Being at the center of an anti-Zionist firestorm wasn’t on my bingo card for the week. Suffice to say, it’s been a strange few days that has been overwhelming in two ways: from hate and from love.
The hate side of this equation is, I suspect, fairly obvious given recent events related to the Queen City United rally. When ultimately I watched video from the rally itself — which seems to have turned into an anti-Israel hatefest — I saw speakers shouting “from the river to the sea,” “long live the student intifada,” “long live all forms of armed resistance,” and I was gutted.
Of course, it was more than that: It is a “special” experience to hear your name angrily screamed in front of a crowd of hundreds, and for them to roar with agreement. It would — and did — take something equally potent to cleanse my palate, as it were.
When I was disinvited from the Queen City United rally last Wednesday, I shared about it online expecting to get a little empathy, but nothing much more than that. Instead, within minutes, hundreds from our Jewish community (locally and across the world) emerged to decry antisemitism.
One friend, Aaron, immediately reached out — he wanted to understand more fully what had transpired and how he could help. A second, a local rebbetzin, corresponded over and over to express her indignation (if not surprise). A third and fourth, Jews who themselves had been similarly targeted in the past, sat with me and my wife over Shabbat lunch to process all that had occurred.
I could fill each and every page of the American Israelite listing examples like this and there still would be insufficient room to describe the acts of support and solidarity this last week. For that overwhelming kindness, to riff on the words of our liturgy, “even were my mouth as filled with praise as the sea is water,” there wouldn’t be gratitude enough.
Having been encircled by antisemitism for days — having been targeted by local socialist groups for the third time in the last year — having received more than my fair share of hate mail from strangers — (and, to boot, still mourning the recent passing of my beloved grandmother, Ida Schwartz, z”l) — I can say that the last days have been exceptionally stressful. Despite it all, the love I have received from Jews and our allies will remain my greater memory of this moment.
These days have been a perfect explanation for why Hillel is quoted to have said al tifros min ha-tzibur, “do not separate yourself from the community.” We need am yisrael at times like this. I wonder: What could we accomplish if we displayed such solidarity even when all is well, in the absence of common threats? What would the Jewish world look like if we more frequently considered our internal differences an asset rather than a risk?

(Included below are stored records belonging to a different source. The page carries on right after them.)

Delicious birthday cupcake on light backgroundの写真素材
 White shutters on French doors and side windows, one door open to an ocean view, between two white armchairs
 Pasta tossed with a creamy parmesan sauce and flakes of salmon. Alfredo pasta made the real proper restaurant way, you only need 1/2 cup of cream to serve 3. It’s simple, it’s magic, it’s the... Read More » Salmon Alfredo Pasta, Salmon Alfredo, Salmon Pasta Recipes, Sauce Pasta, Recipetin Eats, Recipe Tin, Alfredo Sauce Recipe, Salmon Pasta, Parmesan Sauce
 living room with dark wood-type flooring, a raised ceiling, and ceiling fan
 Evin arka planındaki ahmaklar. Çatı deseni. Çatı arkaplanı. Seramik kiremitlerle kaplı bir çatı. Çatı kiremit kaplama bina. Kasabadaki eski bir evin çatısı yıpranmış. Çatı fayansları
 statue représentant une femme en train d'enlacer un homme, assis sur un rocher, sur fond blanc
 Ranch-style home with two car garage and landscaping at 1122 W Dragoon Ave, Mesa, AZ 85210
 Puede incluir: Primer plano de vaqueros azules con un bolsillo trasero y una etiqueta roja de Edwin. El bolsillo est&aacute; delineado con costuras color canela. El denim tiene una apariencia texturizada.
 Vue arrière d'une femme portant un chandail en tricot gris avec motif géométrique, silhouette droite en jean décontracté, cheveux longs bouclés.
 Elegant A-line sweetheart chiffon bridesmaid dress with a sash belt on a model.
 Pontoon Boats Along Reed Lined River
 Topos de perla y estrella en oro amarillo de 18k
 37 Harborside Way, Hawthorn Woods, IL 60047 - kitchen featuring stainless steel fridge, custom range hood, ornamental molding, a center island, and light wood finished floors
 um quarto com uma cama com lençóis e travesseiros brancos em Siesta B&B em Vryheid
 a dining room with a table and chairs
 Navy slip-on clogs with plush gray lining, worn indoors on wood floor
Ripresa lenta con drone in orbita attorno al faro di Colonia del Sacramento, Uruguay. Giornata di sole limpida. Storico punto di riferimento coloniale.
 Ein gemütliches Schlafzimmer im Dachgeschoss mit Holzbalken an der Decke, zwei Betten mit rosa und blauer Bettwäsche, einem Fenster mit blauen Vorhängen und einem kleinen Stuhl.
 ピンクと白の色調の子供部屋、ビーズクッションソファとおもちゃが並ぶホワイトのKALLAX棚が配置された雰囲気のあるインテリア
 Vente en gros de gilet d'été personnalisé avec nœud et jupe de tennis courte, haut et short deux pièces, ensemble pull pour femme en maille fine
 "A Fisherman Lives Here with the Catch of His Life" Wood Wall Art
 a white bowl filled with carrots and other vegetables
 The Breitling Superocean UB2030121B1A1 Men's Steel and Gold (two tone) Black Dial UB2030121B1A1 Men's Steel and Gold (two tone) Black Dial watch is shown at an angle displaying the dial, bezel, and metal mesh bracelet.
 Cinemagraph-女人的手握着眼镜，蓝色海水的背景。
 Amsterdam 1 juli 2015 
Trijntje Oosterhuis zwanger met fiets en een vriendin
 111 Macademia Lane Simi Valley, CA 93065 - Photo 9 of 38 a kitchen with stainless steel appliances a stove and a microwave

Those are more than mere rhetorical questions. It should be viewed as a strength for the Jewish world that we don’t all live in the same place, that we don’t all speak the same language, that we don’t all believe the same thing, that we don’t all hold the same politics, and that we don’t all demonstrate the same socio-emotional tendencies. Even were our numbers doubled, were we to be homogeneous in such respects, our power would be halved.
The textures and gradients of our religious practices, political ideologies, homelands and ways of being are not just the natural result of our dispersion over the last two thousand years, but also part of what enabled our enduring existence during it. Our differences allow us to be in different spaces simultaneously, and to protect each other better.
This is Torah we would do well to learn and an ethic to integrate into our conception of Jewish community. As the Talmud teaches, our fates are all bound up together (kol yisrael areivin zeh ba-zeh). I got to be a beneficiary of the diverse communal support this teaching represents, and I hope we can maintain such solidarity for many other purposes. The more we lift one another up, no matter our differences, the stronger we’ll be.